## Assignment:
Each record must be copied in full and unchanged; any image it holds is excluded.
=== Section Start ===
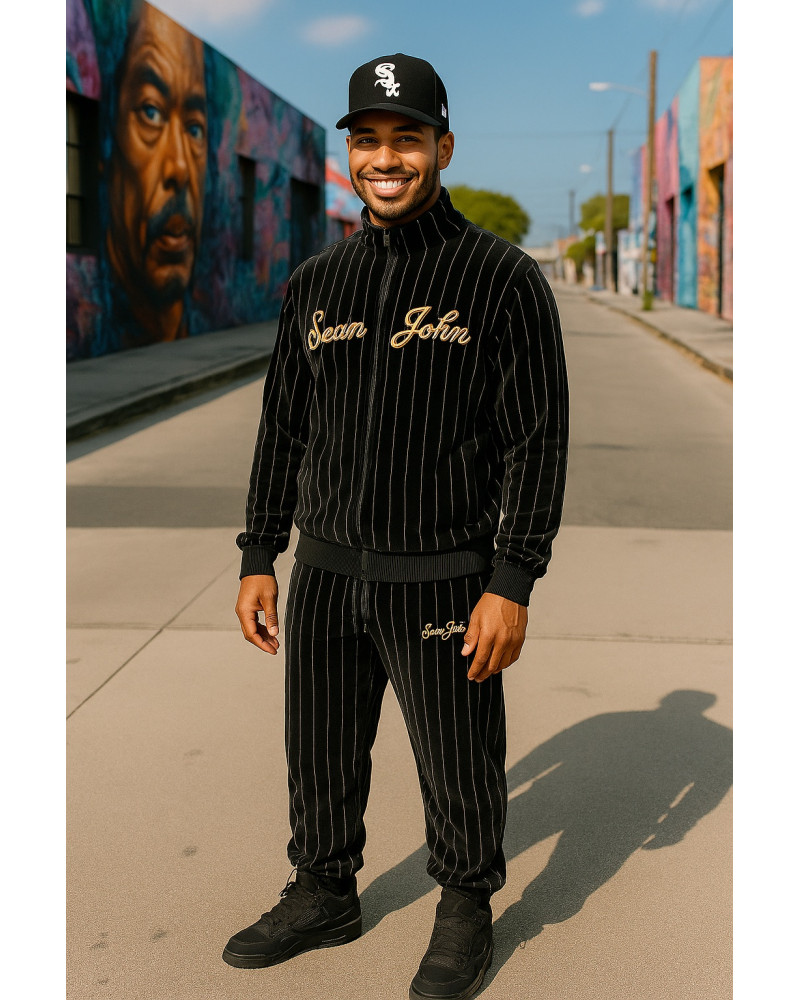 Ensemble Veste Jogging Sean John Vintage peau de peche Pinstripe noir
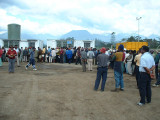 Lining up for the food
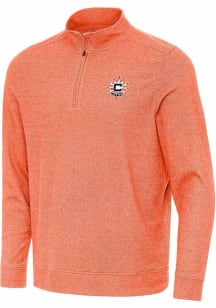 Antigua Connecticut Sun Mens Orange Subtle Long Sleeve Qtr Zip Pullover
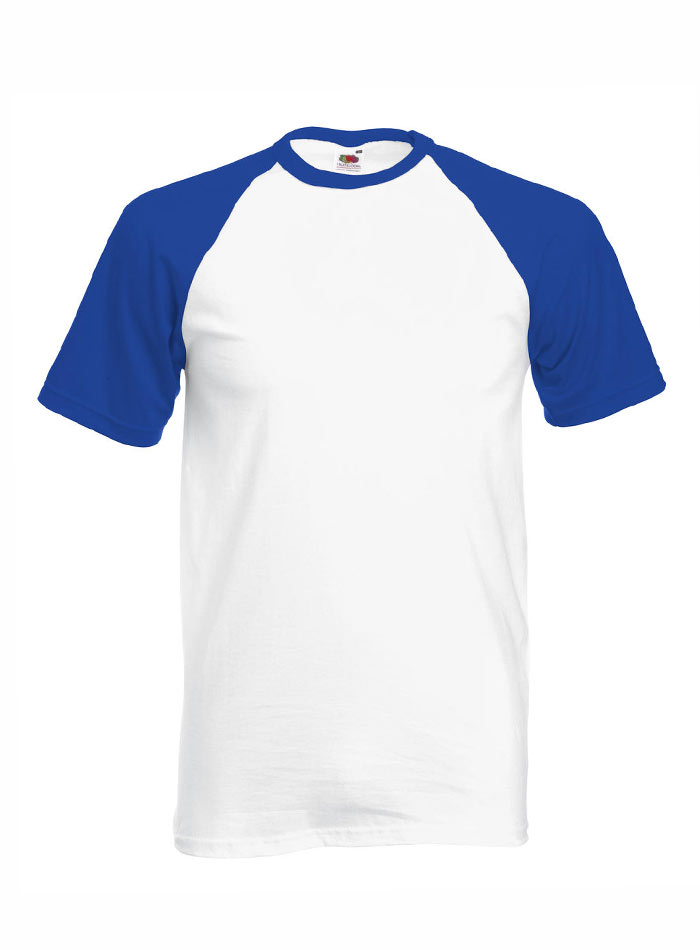 Pánské tričko Fruit of the Loom Baseball - Bílá/Modrá XL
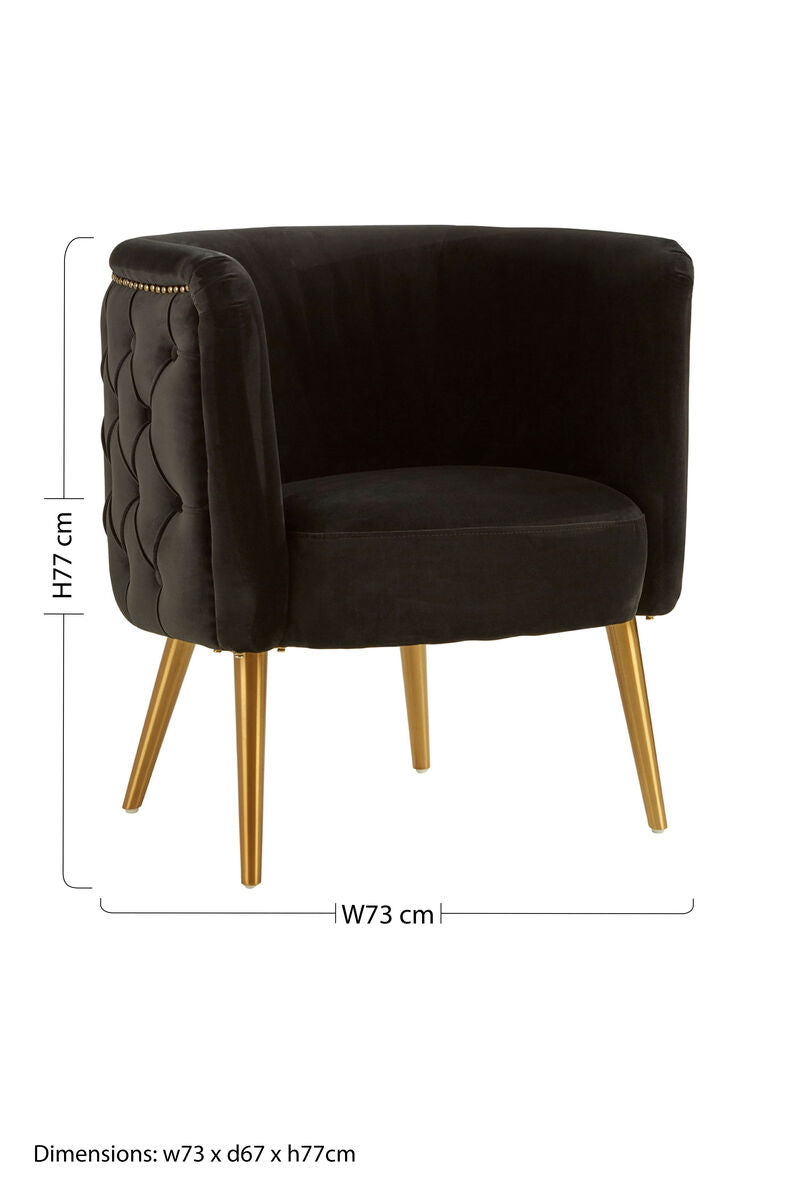 Manhattan Black Fabric Tub Chair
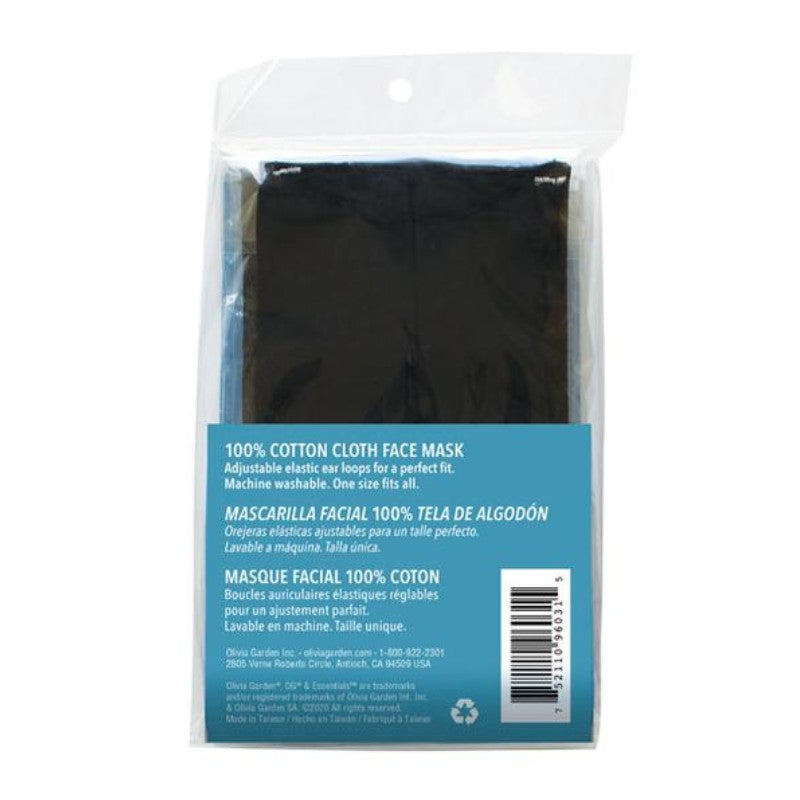 Olivia Garden Reusable Fabric Face Mask 4 Pack - Black - Beautopia Hair & Beauty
=== Section End ===
## Solved exercise:
 Ensemble Veste Jogging Sean John Vintage peau de peche Pinstripe noir
 Lining up for the food
 Antigua Connecticut Sun Mens Orange Subtle Long Sleeve Qtr Zip Pullover
 Pánské tričko Fruit of the Loom Baseball - Bílá/Modrá XL
 Manhattan Black Fabric Tub Chair
 Olivia Garden Reusable Fabric Face Mask 4 Pack - Black - Beautopia Hair & Beauty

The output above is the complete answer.